Saturday, April 24, 2021

My Family Legacy of Civil Rights And I Never Knew by Pat Simmons

As a child, growing up in St. Louis, I watched on television as dozens of Blacks silently marched in front of the Jefferson Bank, a building still there today. It was organized by an African American man who put together a program called Action with the purpose of getting Blacks into meaningful employment. As a result of that program and other protests across the country, State Bank of Wellston hired my mother two years later in 1965.                     

Out of eight children,  three of my mother's siblings were teachers. Uncle Thomas in Kosciusko, Mississippi, and the oldest and youngest respectively in Waukegan, Illinois: Aunt Edith Smith and Aunt Eva Ledet.

I asked mom why there were so many teachers in the family and she replied, "That's what Black folks did back then, either become a teacher or a nurse." My mother did neither, opting for general business administration positions instead. She couldn't stand the sight of blood. As a matter of fact, my 86-year-old mother still works for H&R Block every tax season. Her mind is sharp.

But back to the trailblazer in the family. A Chicago Tribune headline reads Waukegan schools renamed for civil rights icons John Lewis and Edith M. Smith, replacing historical figures with slavery ties.  My eighty-something aunt passed away five years ago, but in the 1960s, she led a legal battle to desegregate a Waukegan school where she taught. The renaming will take place this summer. The city is about an hour's drive from Chicago. This summer, the city is renaming a street in her honor near the church she attended for decades.

In every state across the country, the United States of America, Blacks pushed the system despite retaliation to make this country better for the next generation.

With the renaming of the school in Waukegan, I'm choked with emotions that my aunt's fearlessness and determination will never be forgotten. There are so many unsung heroes back then and now. I'm honored and grateful that our family hero has a name—Edith M. Smith.


Pat Simmons is a multi-published Christian romance author with more than thirty-five titles. She is a self-proclaimed genealogy sleuth who is passionate about researching her ancestors, then casting them in starring roles in her novels. She is a three-time recipient of the Romance Slam Jam Emma Rodgers Award for Best Inspirational Romance. Pat’s first inspirational women’s fiction, Lean On Me, with Sourcebooks, was the February/March Together We Read Digital Book Club pick for the national library system. Here for You and Stand by Me is also part of the Family is Forever series. Her holiday indie release, Christmas Dinner, and traditionally published, Here for You, were featured in Woman’s World, a national magazine. Here for You was also listed in the “7 Great Reads That Help to Keep the Faith” by Sisters From AARP. She contributed an article, “I’m Listening” in the Chicken Soup for the Soul: I’m Speaking Now (2021).
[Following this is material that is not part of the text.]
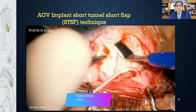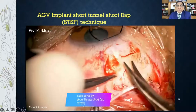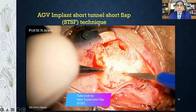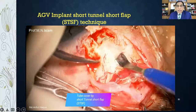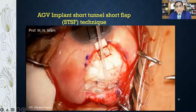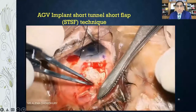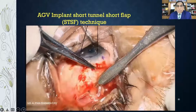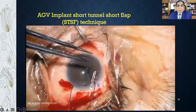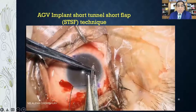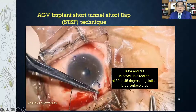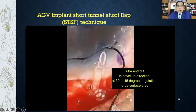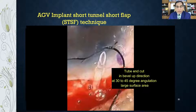Now doing the STSF technique: making a short scleral flap of about 4 mm — just like trabeculectomy — and a short tunnel. The tube is passed through the tunnel and placed under the flap into the anterior chamber. Very important: cut the tube end in a bevel-up direction at 30–40 degrees angulation. This gives more surface area for better aqueous outflow.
Pat describes the evidence of the gift of the Holy Ghost as a life-altering experience. She has been a featured speaker and workshop presenter at various venues across the country. Pat has converted her sofa-strapped sports fanatical husband into an amateur travel agent, untrained bodyguard, GPS-guided chauffeur, and administrative assistant who is constantly on probation. They have a son and a daughter. Pat holds a B.S. in mass communications from Emerson College in Boston, Massachusetts and worked in various positions in radio, television, and print media for more than twenty years. She oversaw the media publicity for the annual RT Booklovers Conventions for fourteen years. Visit her at to learn more about her newest releases.

1 comment:

  1. That's so cool that your aunt is being recognized. It would have been nice if she'd lived long enough to see it, but her relatives can celebrate and honor her.